**Task brief**
When you copy the entries, match them exactly and omit the pictures.

(Records excerpted from a collection)
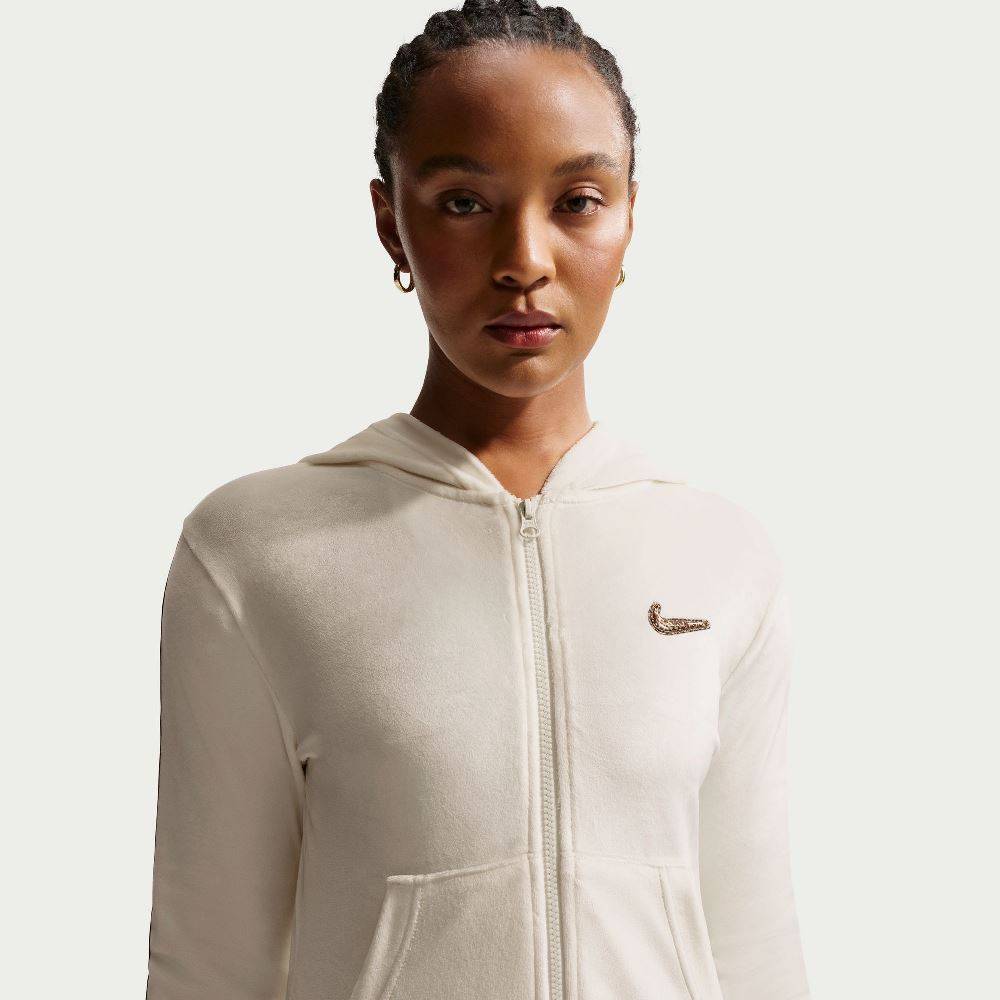 NIKE NSW VELOUR TREND FULL-ZIP HOODED TOP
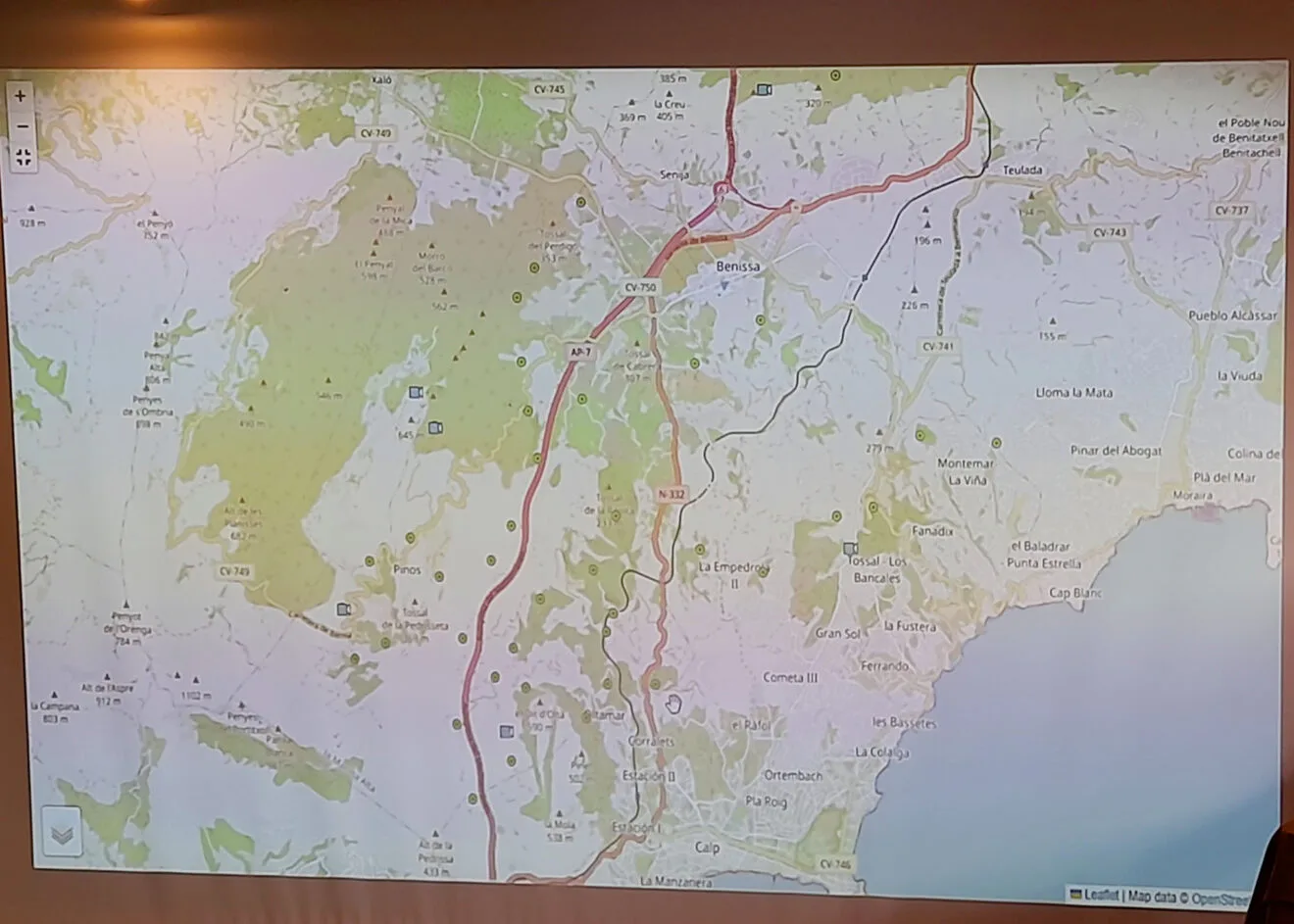 Puntos estratégicos del sistema del sistema de detección de incendios forestales de Benissa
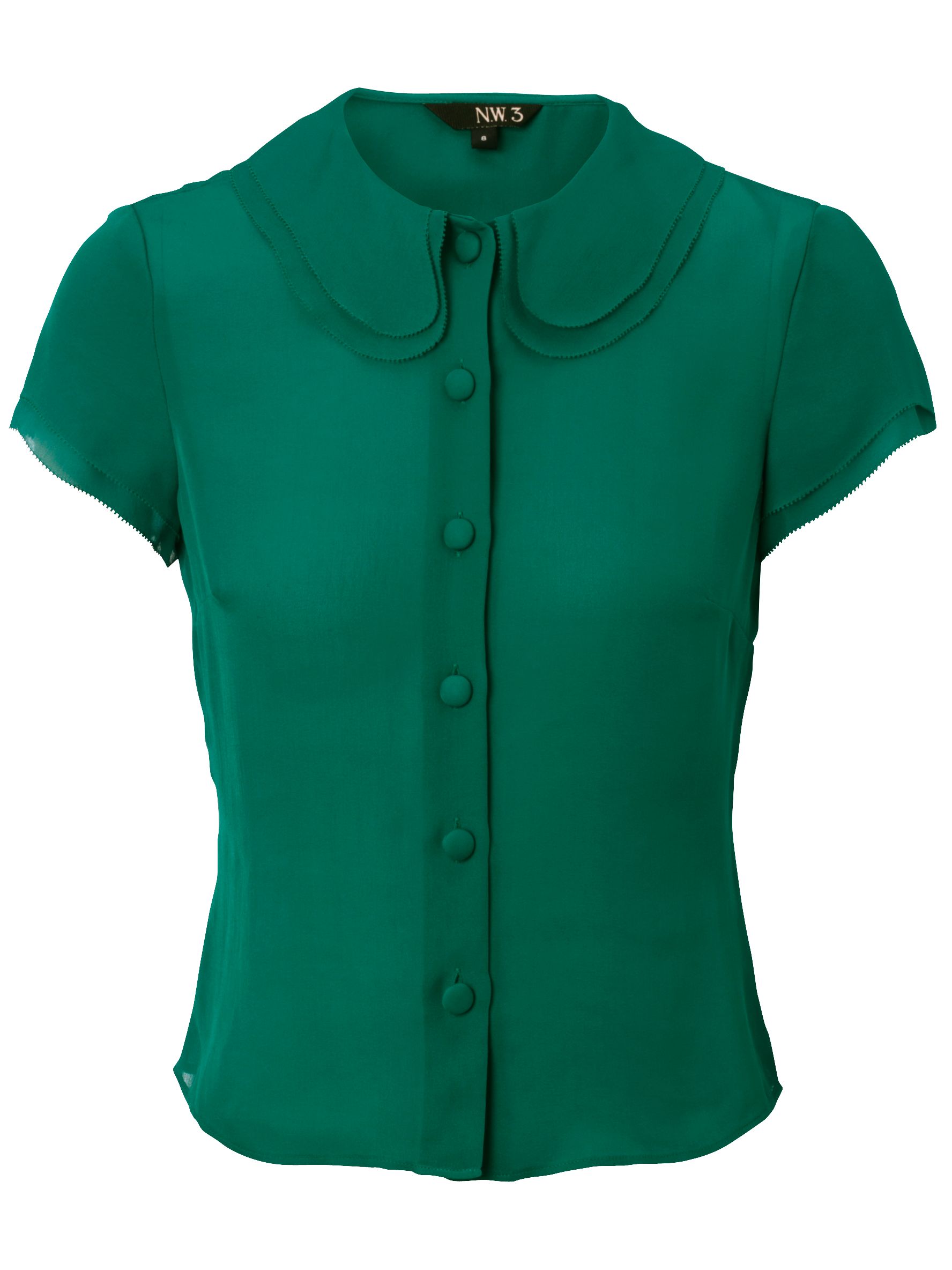 NW3 by Hobbs NW3 Double Collar Short Sleeve Blouse, Green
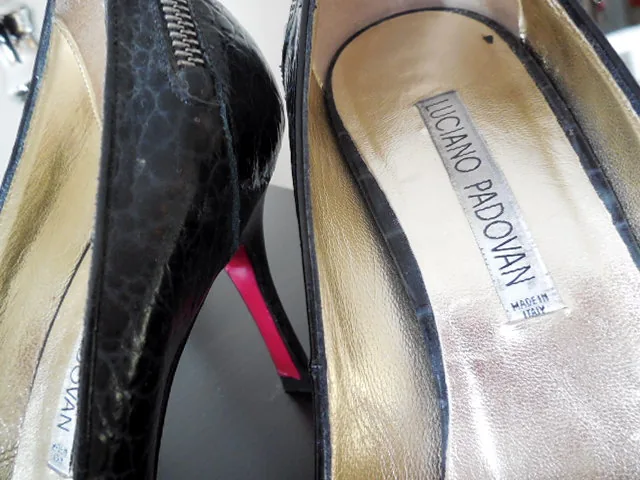 Luciano Padovan Black Snakeskin Stiletto Heels/Size 38.5 — image 3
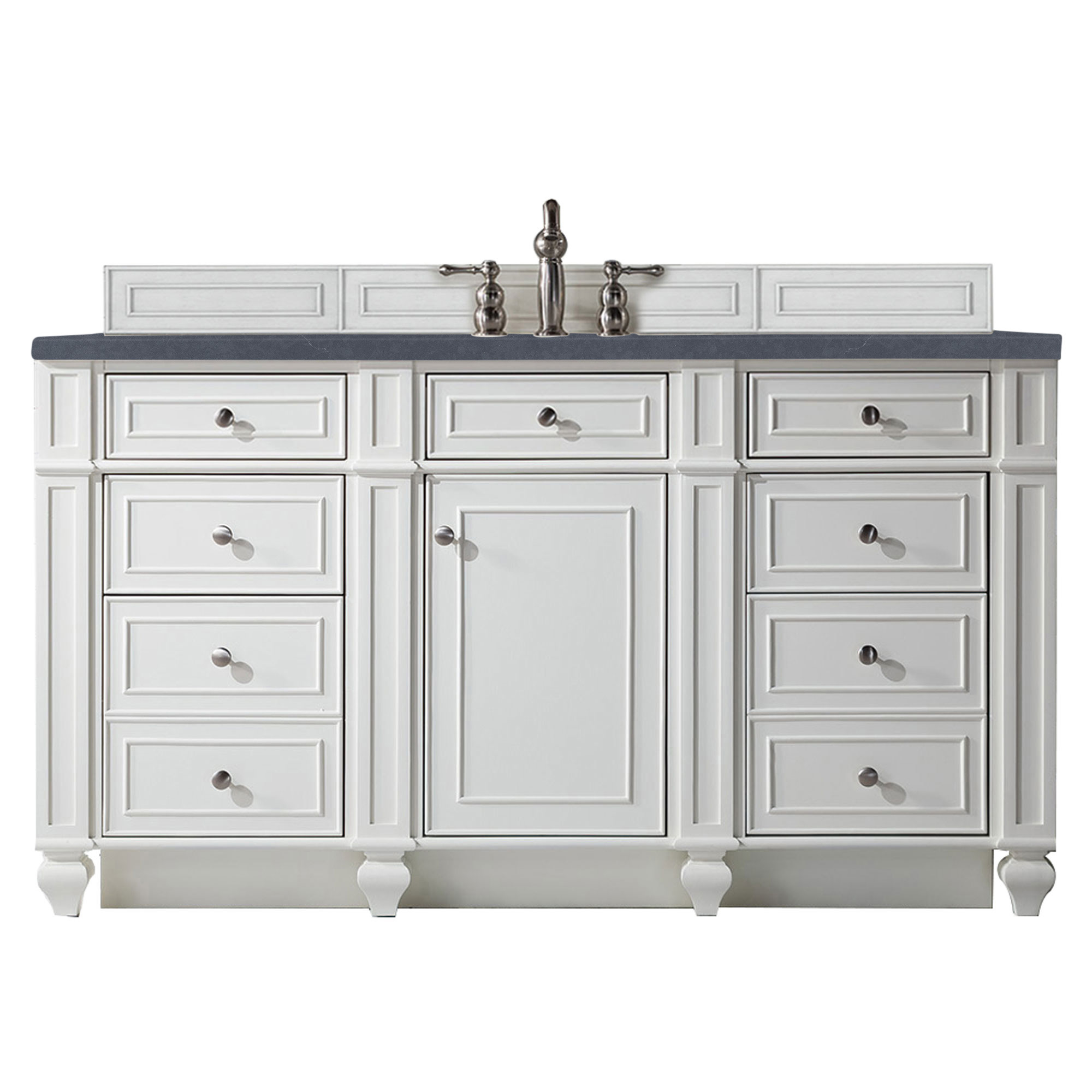 James Martin 157-V60S-BW-3CSP Bristol 60" Single Vanity, Bright White, w/ 3 CM Charcoal Soapstone Quartz Top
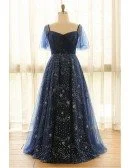 Custom Navy Blue Sparkly Star Prom Dress with Puffy Sleeves Plus Size High Quality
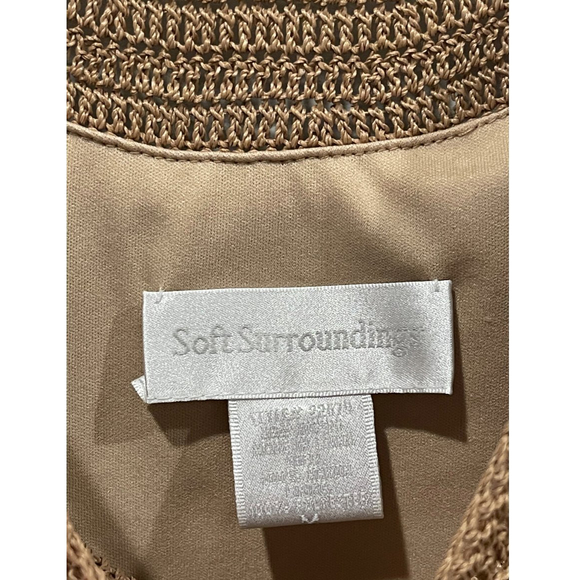 SOFT SURROUNDINGS Tan Sleeveless Crochet Boho Tunic - Picture 2 of 4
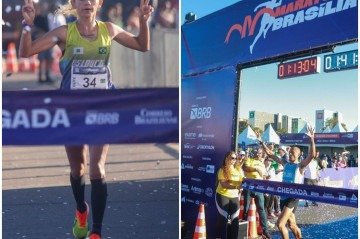 Rosielen Xavier e Gil Paulo na Maratona Brasília 2025 -  (crédito: Minervino Júnior/CB/D.A Press e Luís Nova/CB/D.A Press)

**Task output**
 NIKE NSW VELOUR TREND FULL-ZIP HOODED TOP
 Puntos estratégicos del sistema del sistema de detección de incendios forestales de Benissa
 NW3 by Hobbs NW3 Double Collar Short Sleeve Blouse, Green
 Luciano Padovan Black Snakeskin Stiletto Heels/Size 38.5 — image 3
 James Martin 157-V60S-BW-3CSP Bristol 60" Single Vanity, Bright White, w/ 3 CM Charcoal Soapstone Quartz Top
 Custom Navy Blue Sparkly Star Prom Dress with Puffy Sleeves Plus Size High Quality
 SOFT SURROUNDINGS Tan Sleeveless Crochet Boho Tunic - Picture 2 of 4
 Rosielen Xavier e Gil Paulo na Maratona Brasília 2025 -  (crédito: Minervino Júnior/CB/D.A Press e Luís Nova/CB/D.A Press)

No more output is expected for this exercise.